On avait préparé de jolis jeux de mots rien que pour elle. Mais tant pis : elle ne s’appellera pas Kayou, finalement, mais Kwid. Les facétieux ingénieurs du Losange avaient utilisé ce nom de code tout au long de la phase de développement, mais la direction en a décidé autrement, en lui offrant un nom utilisé pour un récent concept-car de la marque. C’est donc la petite Kwid qui a été dévoilée ce matin à Chennai en Inde par Carlos Ghosn lui même qui a fait le voyage pour expliquer de quoi il en retournait. Au programme : 3,68m, une allure de SUV en trompe-l’œil, un nouveau moteur trois cylindres essence et une nouvelle boite de vitesse. Le tout coutera 4200 euros dans le sous continent.

Renault Kwid

Et nous, en France, on se contente de la regarder passer ? C’est qu’une telle auto, petite, citadine, à ce petit prix pourrait évidemment séduire l’hexagone ou un tiers des voitures vendues sont précisément des citadines. Un pays ou, en plus, le low cost cartonne, puisque Dacia (filiale de Renault) s’offre 7% des parts de marché. D’ailleurs, la marque roumaine était elle aussi conçue à l’origine pour n’être vendue que dans les pays émergents, avant que la direction du losange ne change d’avis. Un boulevard, donc, d’autant que les plus petites Dacia sont les Logan (avec un coffre) et les Sandero (les mêmes avec un hayon). Des autos presque aussi grandes que des Mégane. La Kwid trouverait donc tout naturellement sa place dans le catalogue, en entrée de gamme de la marque bas de gamme. D’ailleurs Carlos le boss a joué les laconiques sur l’arrivée de la drôle de petite auto en France. « Rien n’est décidé, c’est le marché qui décide ». A priori, il a déjà décidé, le marché.

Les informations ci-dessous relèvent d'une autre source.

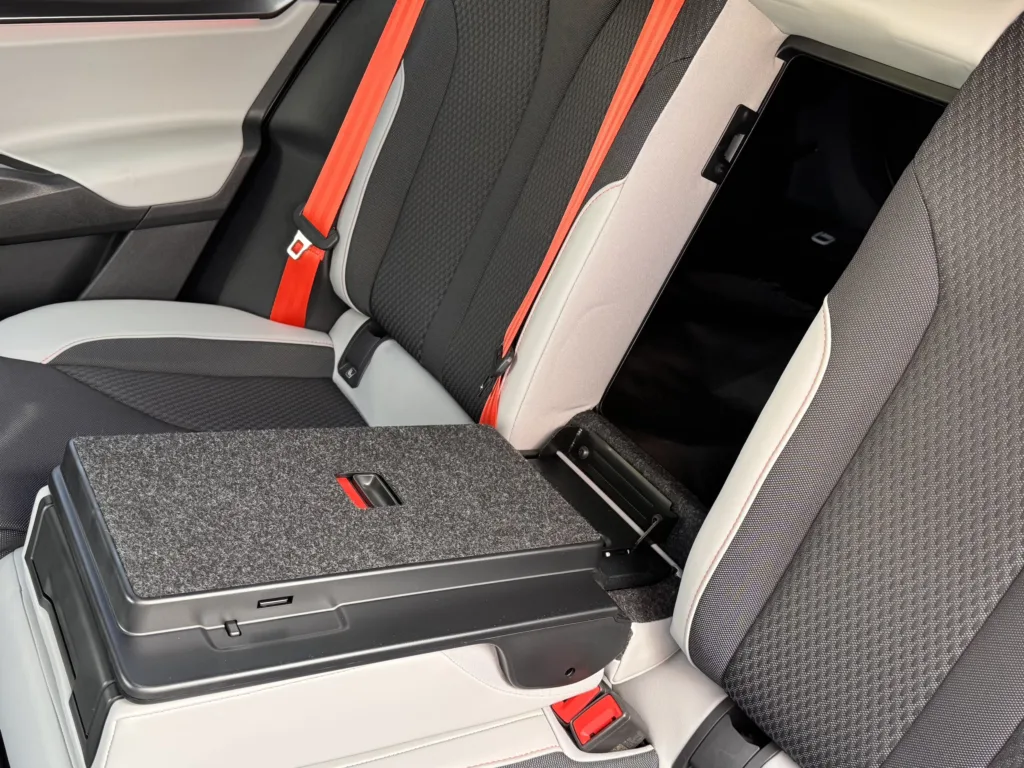 Skoda Elroq to funkcjonalny i poręczny SUV „w sam raz”. Z jednym „ale” - Skoda Elroq 48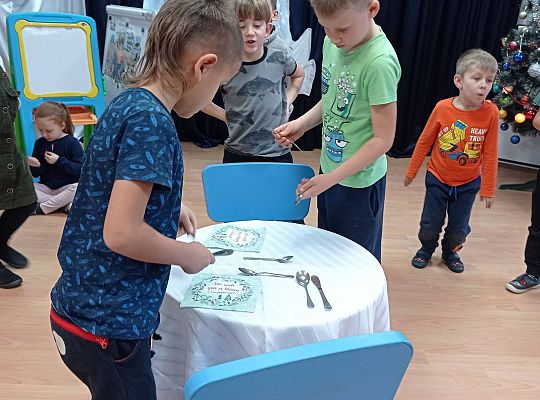 GR IV Uczymy się nakrywać do Wigilijnego stołu oraz składać serwetki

Kwid n’est pas apte pour la France

Sauf qu’il ne suffit pas de décider de vendre des Kwid dans l’hexagone pour les voir fleurir sur les routes. Car les normes européennes sont d’un autre calibre que celles en vigueur en Inde. Pour être homologuées, les voitures doivent subir une batterie de tests et de crashs-tests qui les obligent à disposer de carrosseries à déformation programmée. Mais elles doivent aussi être équipées de dispositifs électroniques obligatoires. C’est le cas de l’ABS, par exemple. Ce système d’antiblocage des roues est obligatoire sur toutes les voitures neuves qui circulent dans l’hexagone depuis 2004. Et il ne s’agit pas simplement d’installer quelques puces sur les Kwid, mais de revoir entièrement leur système de freinage. En outre, depuis 2011, toutes les voitures circulant sur le vieux continent doivent être équipées de l’ESP (electronic stability program). Un système qui permet d’éviter (quelques) dérapages intempestifs. Sans compter la mise aux normes anti-pollution en vigueur qui oblige les constructeurs à veiller sur le taux de rejet de C02 de leurs moteurs. Au delà de 130g du km, c’est le coup de massue : l’acheteur doit s’acquitter d’un malus compris entre 150 et 8000 euros, selon ce fameux taux. Rédhibitoire pour un low cost.

Pas moins de 6 000 euros

Évidemment, tous ces éléments peuvent parfaitement être adaptés sur la Dacia Kwid qui sera vraisemblablement vendue en France un de ces quatre matins. Et d’ailleurs, l’usine de Tanger, ou sont notamment assemblés les Duster et Lodgy de la marque, a déjà prévu de lui faire une petite place sur ses chaînes. Mais le surcoût engendré par la mise en conformité de la petite Kwid devrait ostensiblement faire monter l’addition. Et de 4200 euros, elle pourrait facilement coûter 6 200 euros. Ce qui reste certes peu cher, puisque la petite citadine la moins onéreuse du marché, la Suzuki Celerio, elle aussi d’inspiration indienne, s’affiche à 7390 euros.